He ended his election campaign with 45-hour long meditation at Kanyakumari on the Southern tip of India. He sat on his marathon meditation atop Vivekananda Rock Memorial that was set up commemorating the 19th century Hindu monk’s visualization of his mission for New India.

SET BACK

All his dreams of a spectacular win of 400 plus seats in the 543-member Lok Sabha, the Lower House of Parliament, have come crumbling.

BJP has won just 240 seats, thus falling short of the simple majority of 272.

Pre-poll allies have, however, boosted the BJP strength to 293 giving Modi the right to be called ahead of the rival block, INDI alliance (I.N.D.I.A), to form the new government.

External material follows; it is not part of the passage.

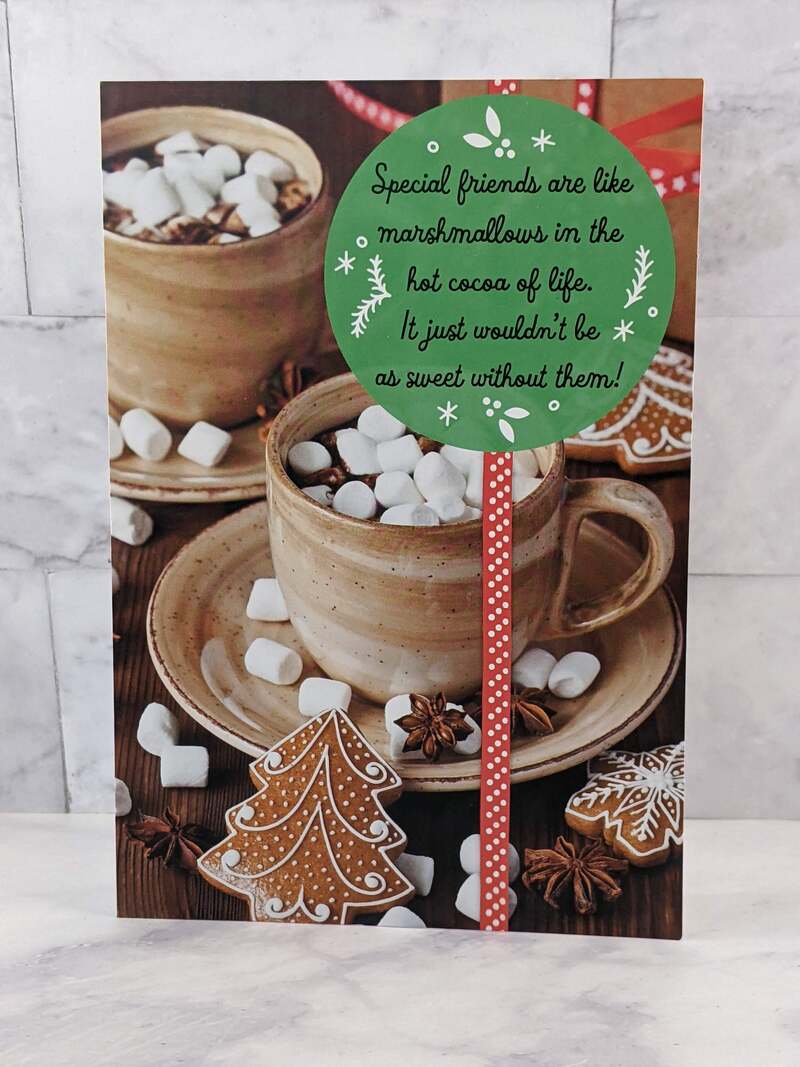 Special Friends Cocoa Christmas Card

Two major constituents of Modi’s National Democratic Alliance, (NDA), Telugu Desam Party (TDP) of Andhra Pradesh and Janata Dal United (JD-U) from Bihar, hold the key to the government formation commanding 16 and 12 seats respectively.

Both parties had returned to the NDA in recent months.

Other allies include Shiv Sena (Shinde) of Maharashtra with 7 seats, Bihar’s Lok Janshakti Party, LJP, 5 seats, and Rashtriya Lok Dal (RLD) of Uttar Pradesh, and Janata Dal- Secular (JD-S) from Karnataka with 2 seats each.

None of these allies has anything common with the BJP and they joined together merely to serve the interests of their states or their personal ambitions.

All of them have come and gone into the coalition several times.

It is, thus, a fragile coalition that needs extraordinary skills to nurture and survive to last full term of five years.

The opposition I.N.D.I.A bloc, which secured 234 seats, is already making its moves to lure the NDA partners although it is a long shot for it to get to the half-way mark in Parliament.

MODI -DHARMA

Coalition Dharma is something alien to Modi.

For the past decade, as Prime Minister, he repeatedly demonstrated his faith in the dictum – ‘My way is the highway’.
Power is centralised in His Office, and all decisions, be it administrative or political, are taken in PMO, and presented as fait accompli.

Ministers are mere executors of decisions handed over to them.

Elections, local or national, are all fought in the name of Modi. Hubris on display? Well, it is.

Mandate 2024 demands course correction.

Election results have drilled deep holes in his armour and his party. Their mentor, the Rashtriya Swayam Sevak Sangh (RSS) may not hesitate to press breaks on his functioning, including a change of leadership down the lane in the worst-case scenario.

NAIDU FACTOR

The TDP’s alliance with Modi’s BJP in 2014 brought the party to power in the truncated Andhra Pradesh but the euphoria did not last long with the Prime Minister spurning demands of `special category status’ to make the state eligible for liberal central aid, and tax rebates.

The demand had cut across political lines since Andhra Pradesh had lost all key sources of income after Telangana was carved out with Hyderabad as its capital. In fact, the BJP used all means, fair and foul, to pump prime TDP’s arch-rival, YSR Congress Party (YSRCP) led by Jagan Mohan Reddy since the last general election held in 2019.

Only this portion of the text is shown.